◆ TASK REQUIREMENTS: I need the lines below from the one with "Thank you for" down to the one with "So let's start." reproduced exactly, both ends included, and nothing else.

[Collected data entries]
----
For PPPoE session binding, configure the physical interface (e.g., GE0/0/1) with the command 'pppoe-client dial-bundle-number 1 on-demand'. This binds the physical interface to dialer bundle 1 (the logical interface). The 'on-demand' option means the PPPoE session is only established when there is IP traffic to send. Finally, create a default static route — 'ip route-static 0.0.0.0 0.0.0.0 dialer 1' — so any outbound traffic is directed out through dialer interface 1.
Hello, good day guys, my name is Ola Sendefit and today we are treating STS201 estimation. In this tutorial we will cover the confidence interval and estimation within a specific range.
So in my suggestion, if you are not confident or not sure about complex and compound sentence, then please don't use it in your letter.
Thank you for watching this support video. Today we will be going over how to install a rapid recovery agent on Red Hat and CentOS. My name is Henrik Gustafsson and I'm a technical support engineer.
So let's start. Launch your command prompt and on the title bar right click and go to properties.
----
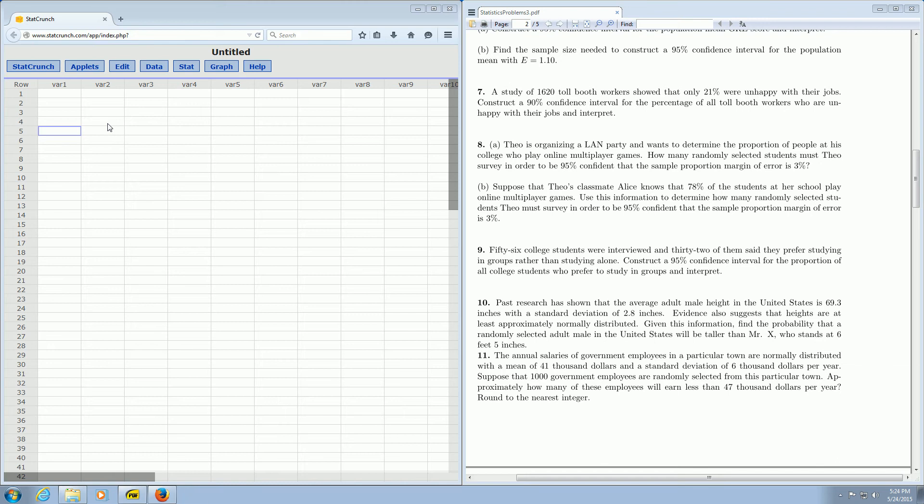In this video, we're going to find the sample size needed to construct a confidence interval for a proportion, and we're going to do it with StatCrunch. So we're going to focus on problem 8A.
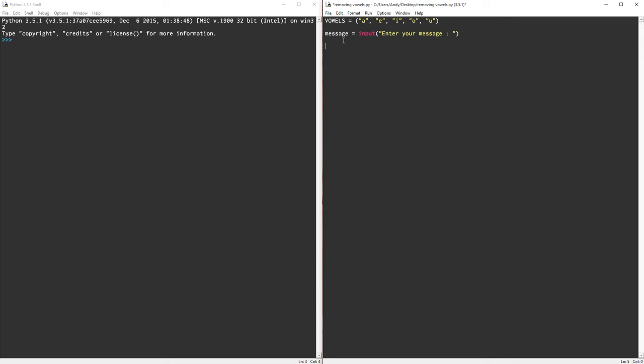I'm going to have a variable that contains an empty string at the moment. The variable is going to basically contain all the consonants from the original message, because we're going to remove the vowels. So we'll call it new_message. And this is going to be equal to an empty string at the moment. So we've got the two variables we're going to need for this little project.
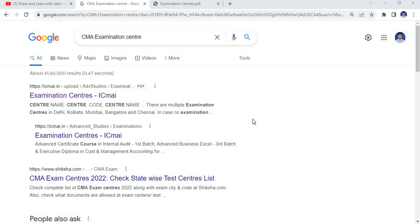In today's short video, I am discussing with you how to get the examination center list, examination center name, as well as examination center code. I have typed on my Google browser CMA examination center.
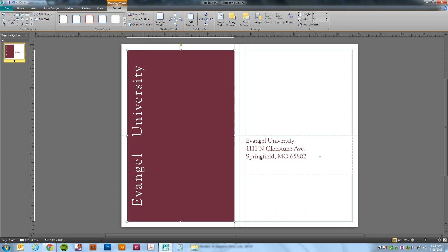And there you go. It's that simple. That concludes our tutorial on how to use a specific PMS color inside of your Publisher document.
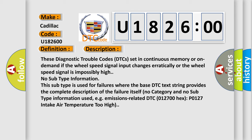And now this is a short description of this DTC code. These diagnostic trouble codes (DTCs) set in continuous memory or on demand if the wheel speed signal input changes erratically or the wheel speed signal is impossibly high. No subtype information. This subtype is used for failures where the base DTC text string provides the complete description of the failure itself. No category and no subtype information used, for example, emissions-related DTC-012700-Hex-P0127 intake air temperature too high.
----
◆ SOLUTION TO THIS PROBLEM:
Thank you for watching this support video. Today we will be going over how to install a rapid recovery agent on Red Hat and CentOS. My name is Henrik Gustafsson and I'm a technical support engineer.
So let's start. Launch your command prompt and on the title bar right click and go to properties.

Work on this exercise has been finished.